TASK STATEMENT: Restate all of the entries exactly. Any picture in them should be skipped.

─── DATA SHOWN

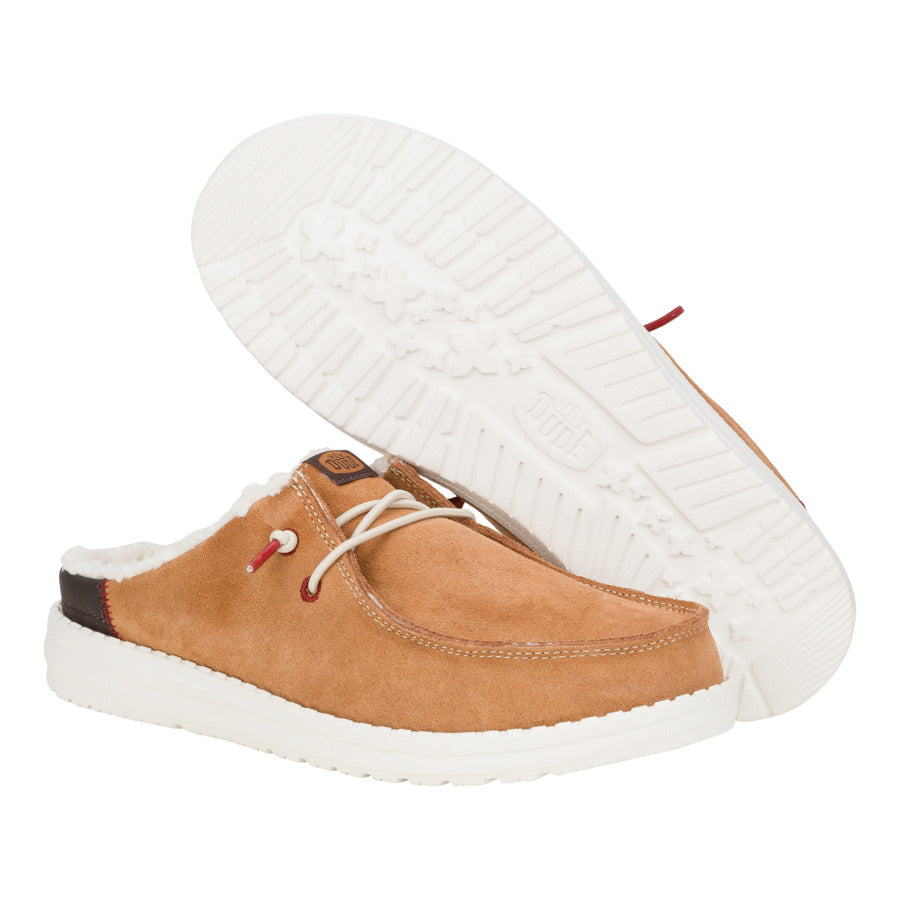 Wendy Slip Warmth ÿ Beige - Image 4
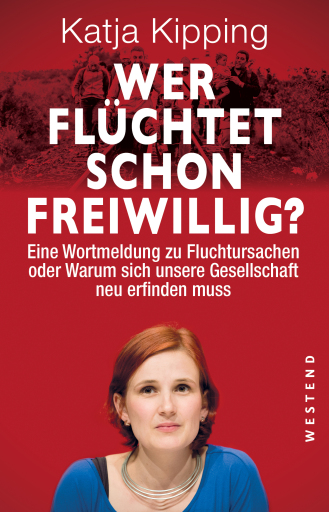 Wer flüchtet schon freiwillig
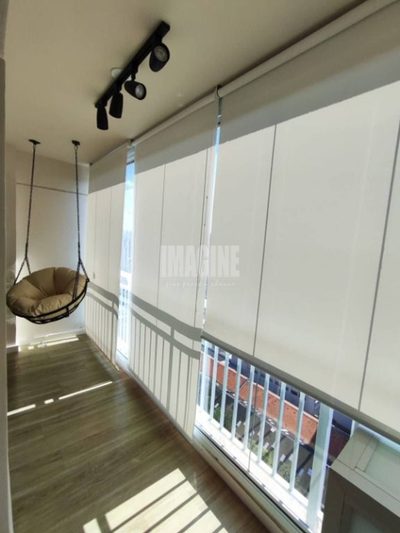 Apartamento, 1 quarto, 40 m² - Foto 3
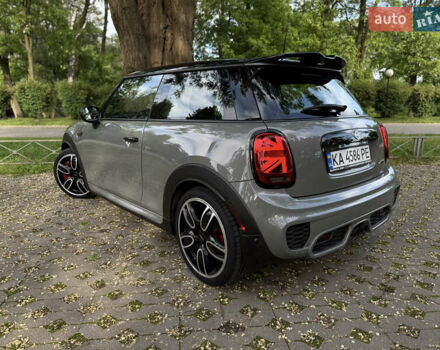 Міні Hatch, об'ємом двигуна 2 л та пробігом 84 тис. км за 19900 $, фото 7 на Automoto.ua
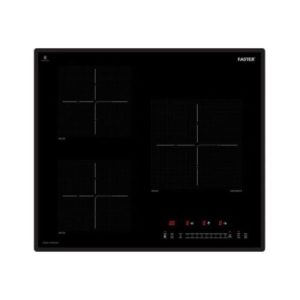 Bếp từ 3 vùng nấu Faster FS 613SI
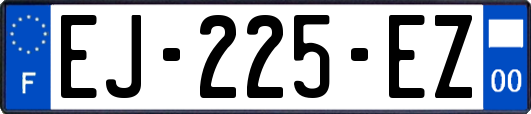 EJ-225-EZ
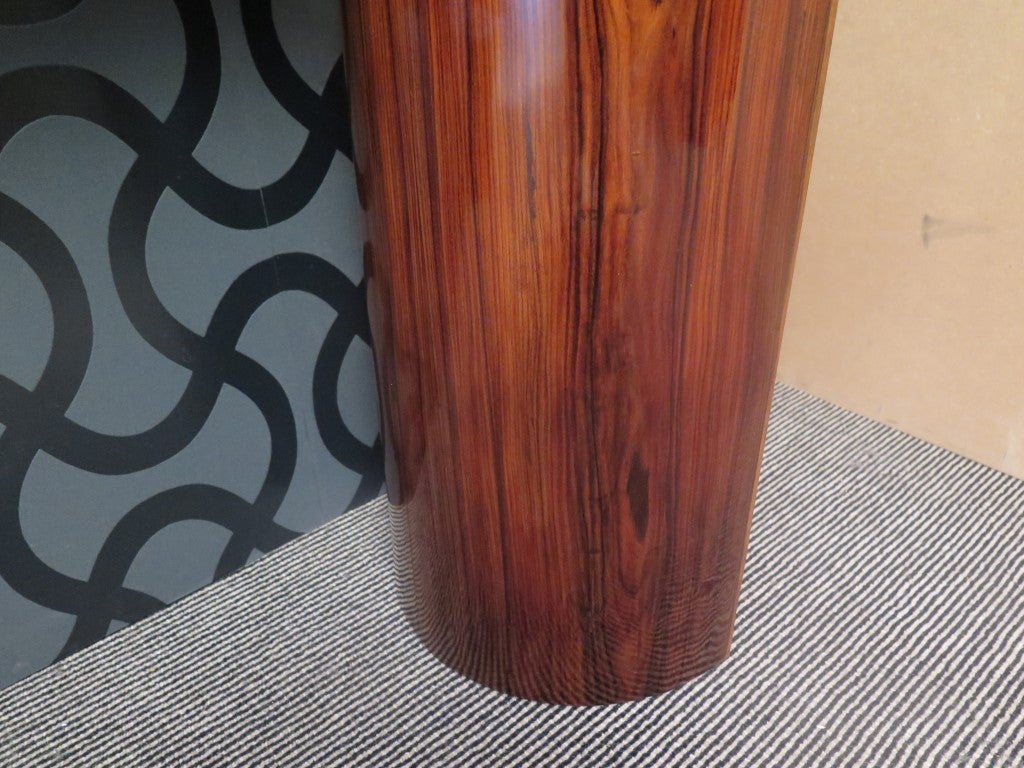 Particular Consol in Rosewood 2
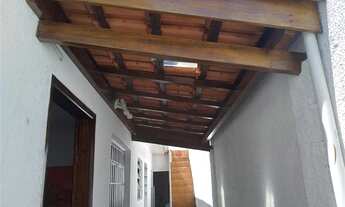 Imagem 4: São Paulo - Casa Padrão - VL. BRASILINA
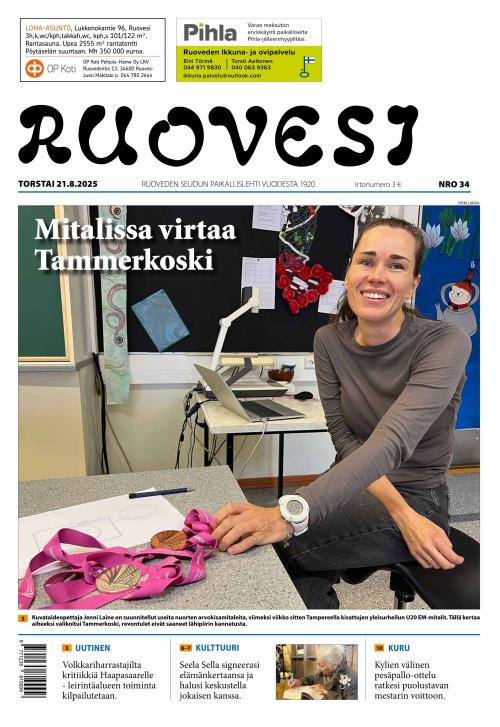 Ruovesi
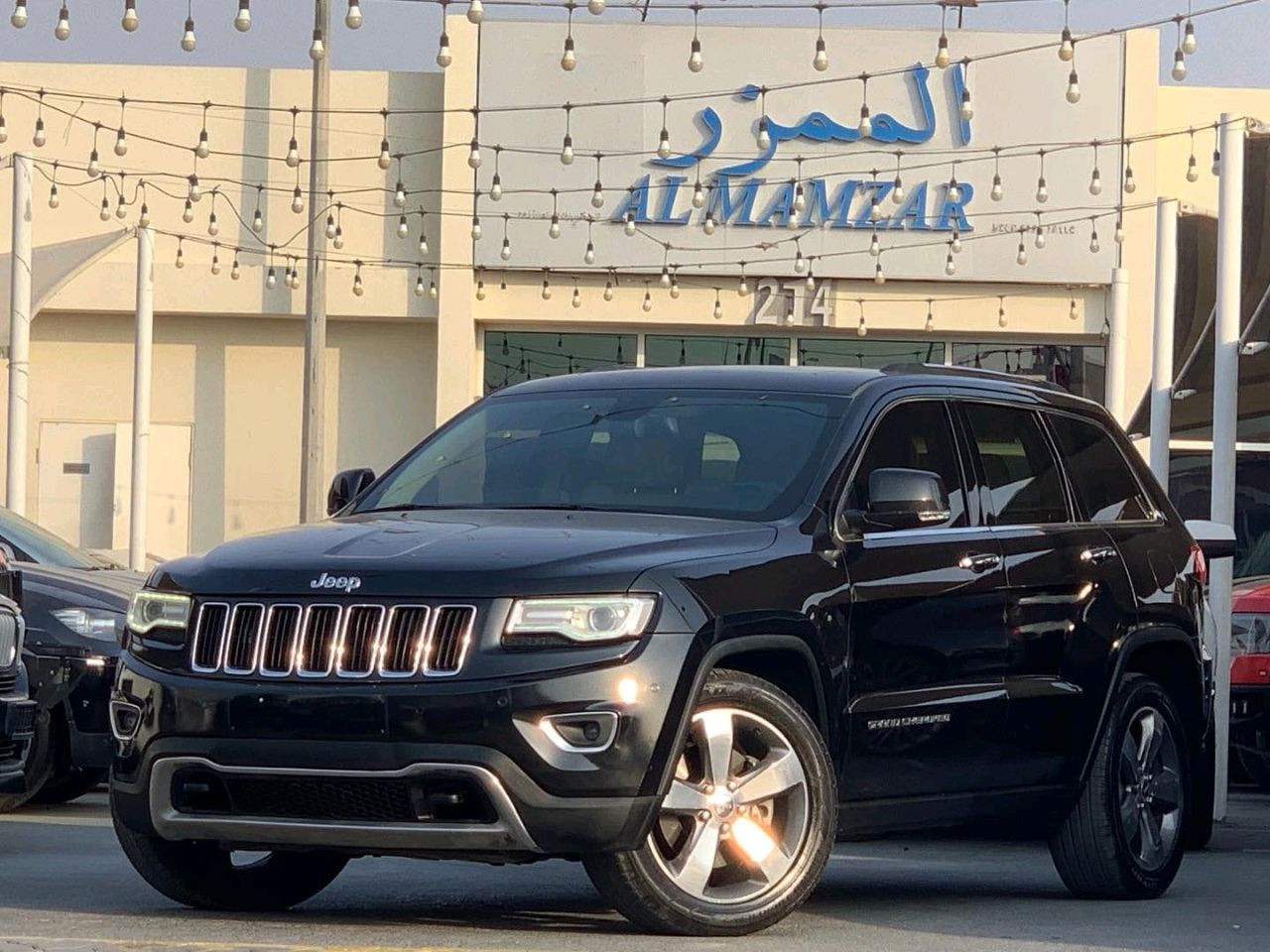 Jeep Cherokee - Image 3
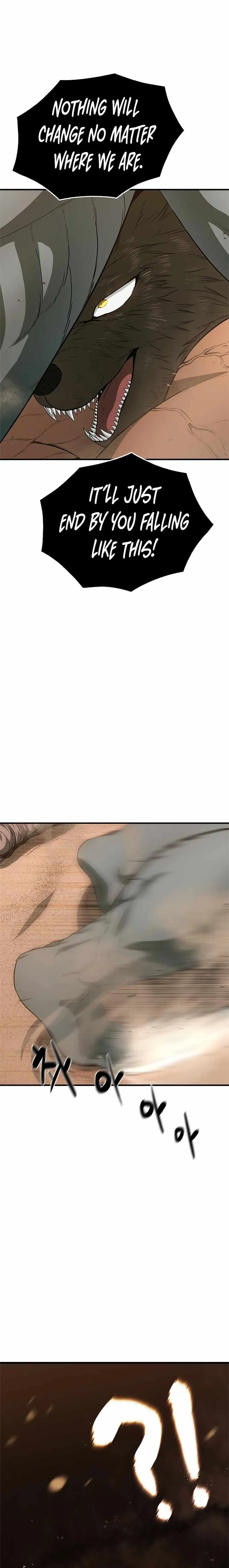 Monster Devourer Chapter 21 Online - página 5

──────

RESULT BELOW:
 Wendy Slip Warmth ÿ Beige - Image 4
 Wer flüchtet schon freiwillig
 Apartamento, 1 quarto, 40 m² - Foto 3
 Міні Hatch, об'ємом двигуна 2 л та пробігом 84 тис. км за 19900 $, фото 7 на Automoto.ua
 Bếp từ 3 vùng nấu Faster FS 613SI
 EJ-225-EZ
 Particular Consol in Rosewood 2
 Imagem 4: São Paulo - Casa Padrão - VL. BRASILINA
 Ruovesi
 Jeep Cherokee - Image 3
 Monster Devourer Chapter 21 Online - página 5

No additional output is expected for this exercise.